- _TASK GOAL_
Reproduce the lines below exactly. Begin with the first, end with the line containing "First, you go", and leave out the pictures.

- _EXTRACTED MATERIAL_
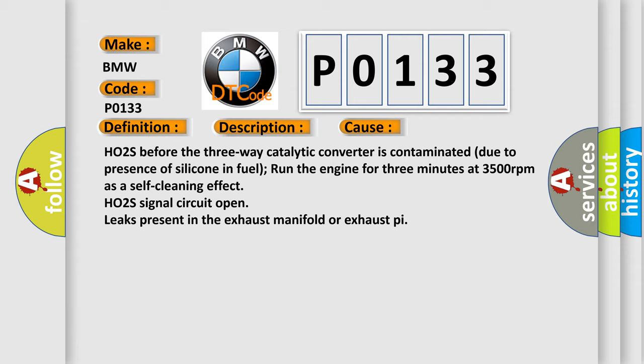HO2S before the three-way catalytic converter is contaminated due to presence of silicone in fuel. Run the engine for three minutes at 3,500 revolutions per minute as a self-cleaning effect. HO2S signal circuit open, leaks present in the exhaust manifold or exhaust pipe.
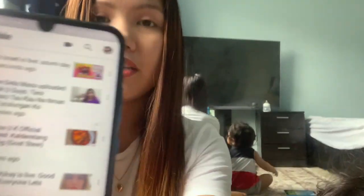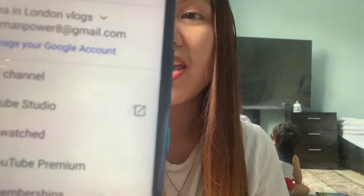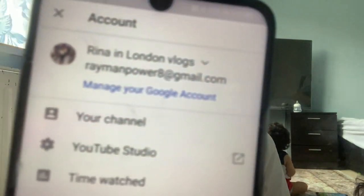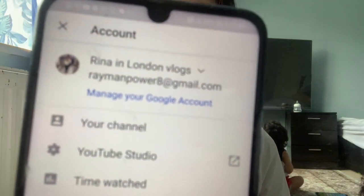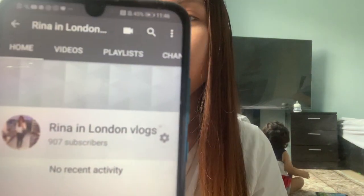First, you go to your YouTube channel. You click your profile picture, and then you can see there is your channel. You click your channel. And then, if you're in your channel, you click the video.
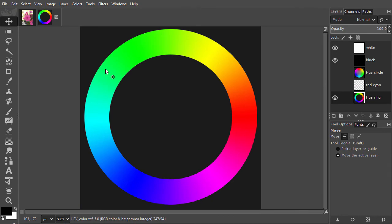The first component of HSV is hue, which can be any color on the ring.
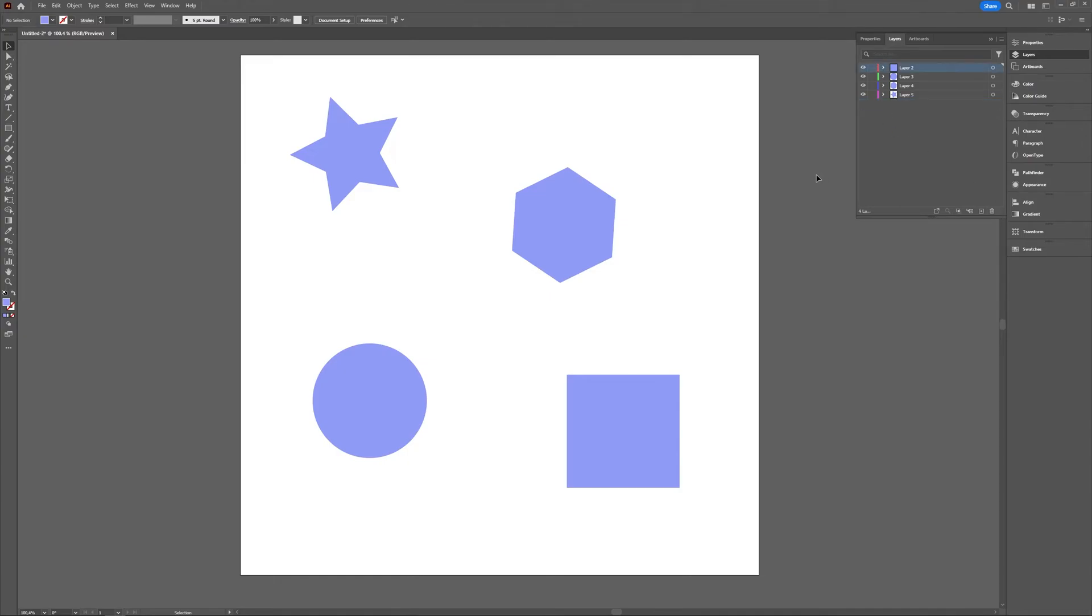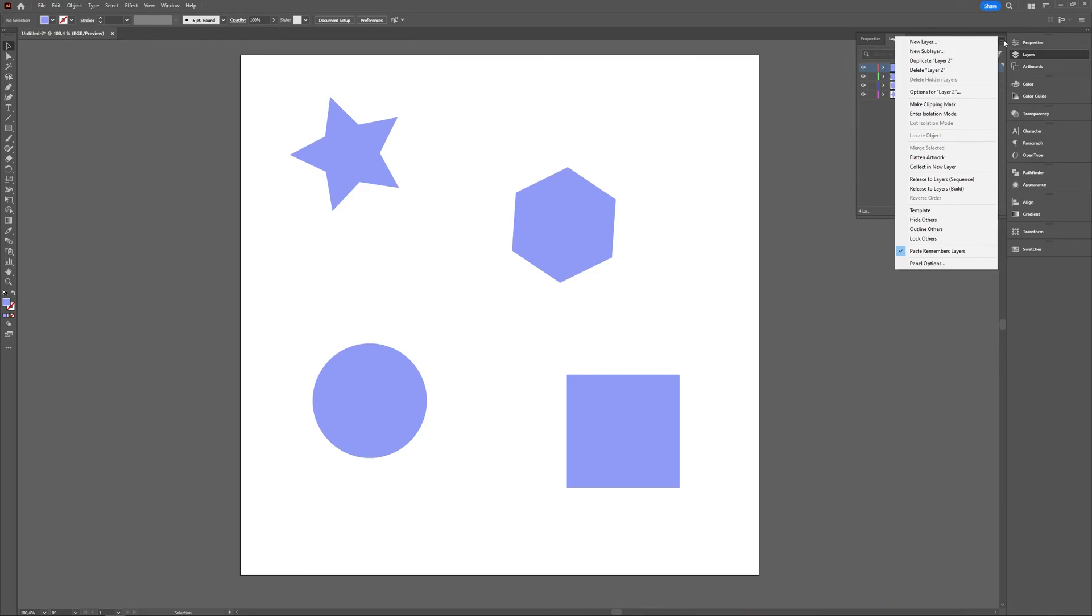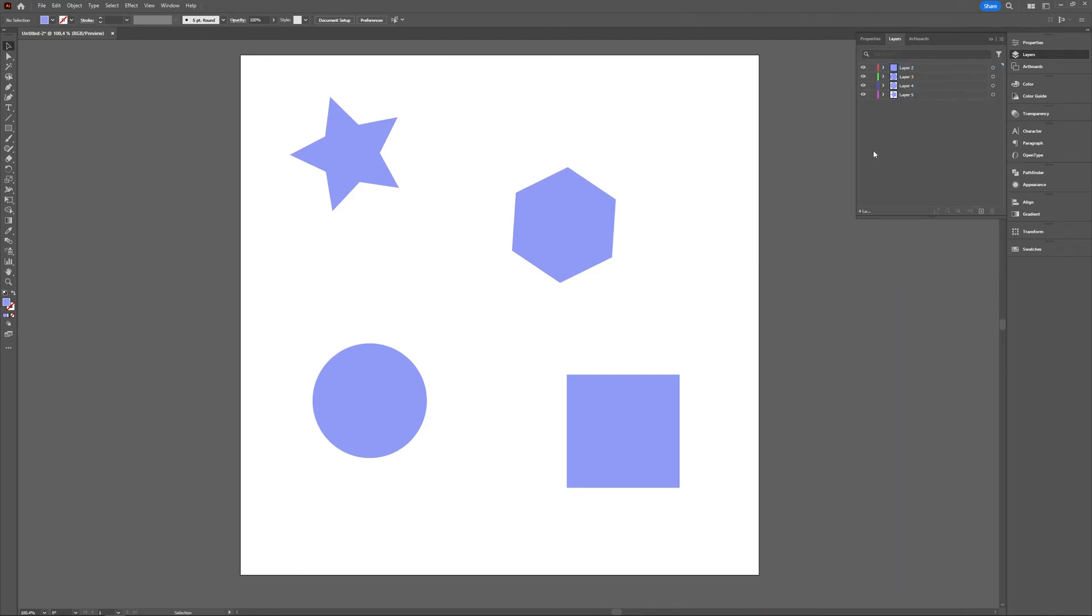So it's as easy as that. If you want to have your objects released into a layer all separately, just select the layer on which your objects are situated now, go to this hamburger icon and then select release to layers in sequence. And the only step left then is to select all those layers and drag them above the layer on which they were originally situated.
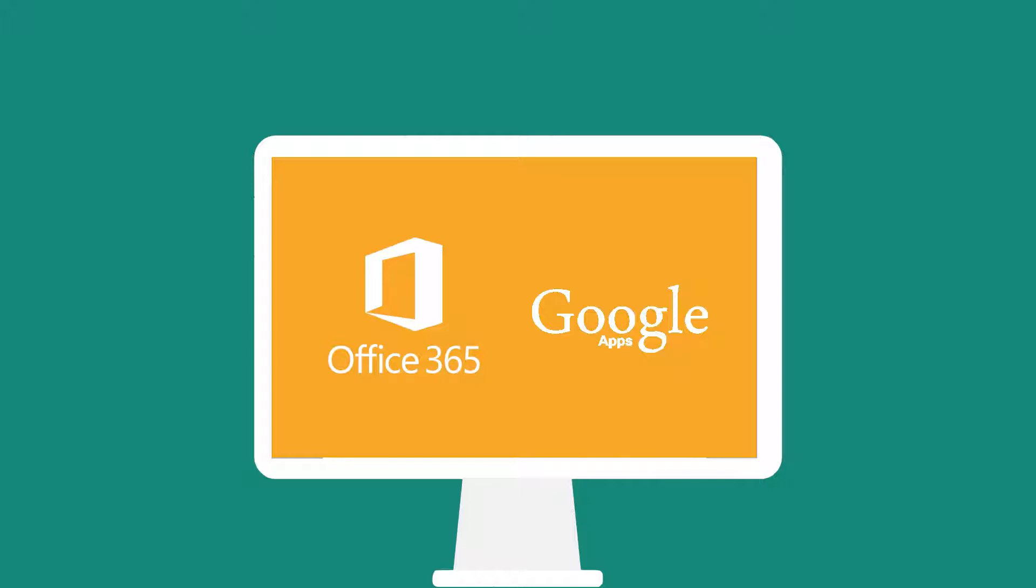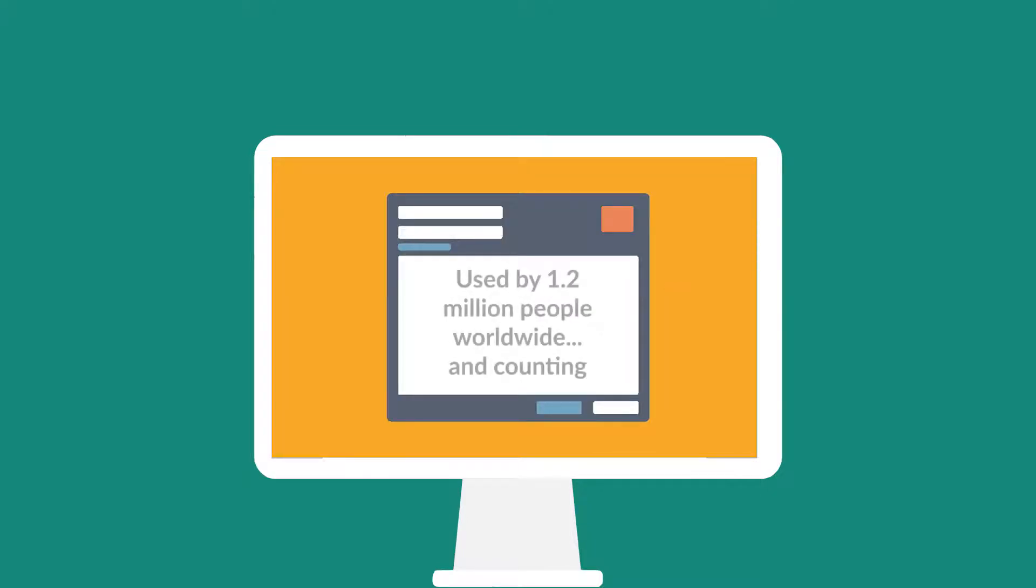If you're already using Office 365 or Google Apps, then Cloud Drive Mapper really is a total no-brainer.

- _RESPONSE AREA_
HO2S before the three-way catalytic converter is contaminated due to presence of silicone in fuel. Run the engine for three minutes at 3,500 revolutions per minute as a self-cleaning effect. HO2S signal circuit open, leaks present in the exhaust manifold or exhaust pipe.
First, you go to your YouTube channel. You click your profile picture, and then you can see there is your channel. You click your channel. And then, if you're in your channel, you click the video.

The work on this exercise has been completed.